# Fitting a Distribution to Data in R

rtip
distribution
Author

Steven P. Sanderson II, MPH

Published

November 2, 2023

# Introduction

The gamma distribution is a continuous probability distribution that is often used to model waiting times or other positively skewed data. It is a two-parameter distribution, where the shape parameter controls the skewness of the distribution and the scale parameter controls the spread of the distribution.

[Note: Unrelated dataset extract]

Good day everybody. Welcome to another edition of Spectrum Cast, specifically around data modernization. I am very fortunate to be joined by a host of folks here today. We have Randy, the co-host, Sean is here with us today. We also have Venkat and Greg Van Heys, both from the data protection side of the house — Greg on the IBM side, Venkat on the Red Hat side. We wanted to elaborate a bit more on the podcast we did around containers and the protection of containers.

# Fitting a gamma distribution to a dataset in R

There are two main ways to fit a gamma distribution to a dataset in R:

1. Maximum likelihood estimation (MLE): This method estimates the parameters of the gamma distribution that are most likely to have produced the observed data.
2. Method of moments: This method estimates the parameters of the gamma distribution by equating the sample mean and variance to the theoretical mean and variance of the gamma distribution.

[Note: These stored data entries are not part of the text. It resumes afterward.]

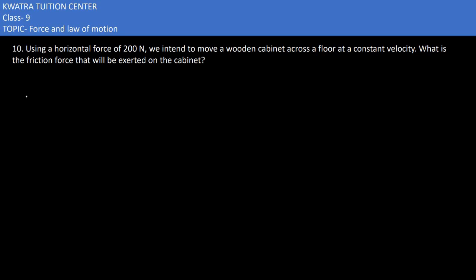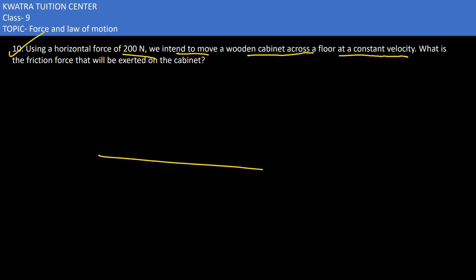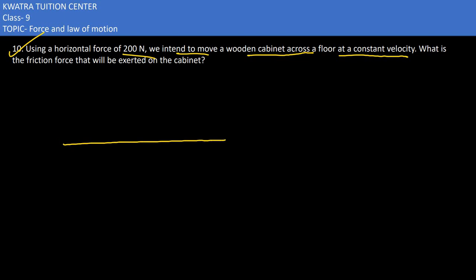Now we have the 10th one. They are saying: using a horizontal force of 200 N, we need to move a wooden cabinet across a floor with a constant velocity. They are using a horizontal force of 200 N.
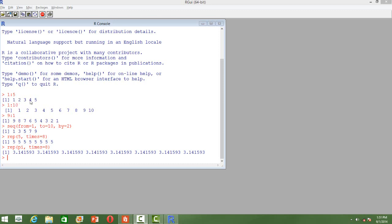Similarly we can get it in decreasing order as well, in the descending order like 9 colon 1. So the number starts from 9 to 1.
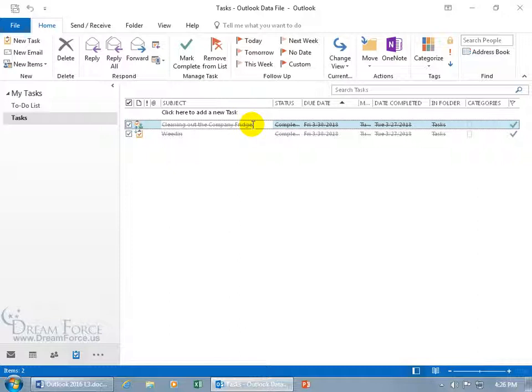And then you've got the status report that we covered, so you can send that at any time, you or the other person that you assigned the task to. As well as automatically, it'll send out a status report when they complete the task.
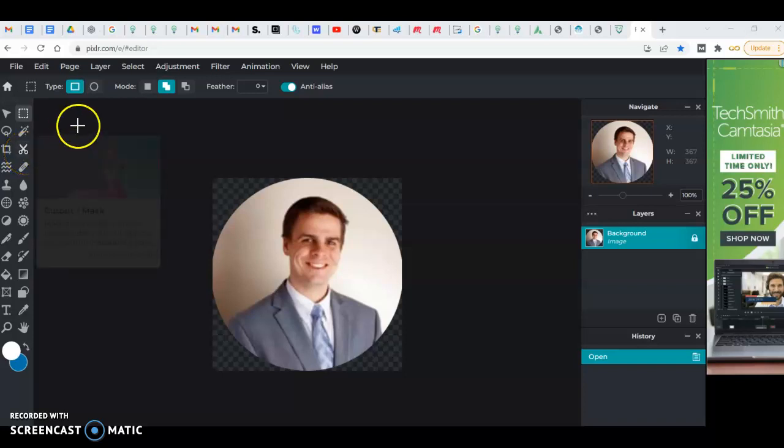Hi everyone, we are here today in Pixlr and I'm just going to give you a real quick tutorial on how to create these nice little round images that you see a lot of times on websites for testimonials.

MLE is the more common and generally more reliable method of fitting a gamma distribution to a dataset. To fit a gamma distribution to a dataset using MLE, we can use the `fitdist()` function from the `fitdistrplus` package.

``````# Install the fitdistrplus package if necessary
#install.packages("fitdistrplus")

library(fitdistrplus)
library(TidyDensity)

set.seed(123)
data <- tidy_gamma(.n = 500)\$y

# Fit a gamma distribution to the data
fit <- fitdist(data, distr = "gamma", method = "mle")``````

The `fit` object contains the estimated parameters of the gamma distribution, as well as other information about the fit. We can access the estimated parameters using the `coef()` function. Now the `tidy_gamma()` function from the TidyDensity package comes with a default setting of a `.scale = 0.3` and `shape = 1`. The rate is `1/.scale`, so by default it is 3.33333

``````# Get the estimated parameters of the gamma distribution
coef(fit)``````
``````   shape     rate
1.031833 3.594773 ``````

Now let’s see how that compares to the built in TidyDensity function:

``util_gamma_param_estimate(data)\$parameter_tbl[1,c("shape","scale","shape_ratio")]``
``````# A tibble: 1 × 3
shape scale shape_ratio
<dbl> <dbl>       <dbl>
1 0.983 0.292        3.36``````

In the above, the `shape_ratio` is the `rate`

I encourage you to try fitting a gamma distribution to your own data. You can use the `fitdistrplus` package in R to fit a gamma distribution to any dataset. Once you have fitted a gamma distribution to your data, you can use the estimated parameters to generate random samples from the gamma distribution or to calculate the probability of observing a particular value.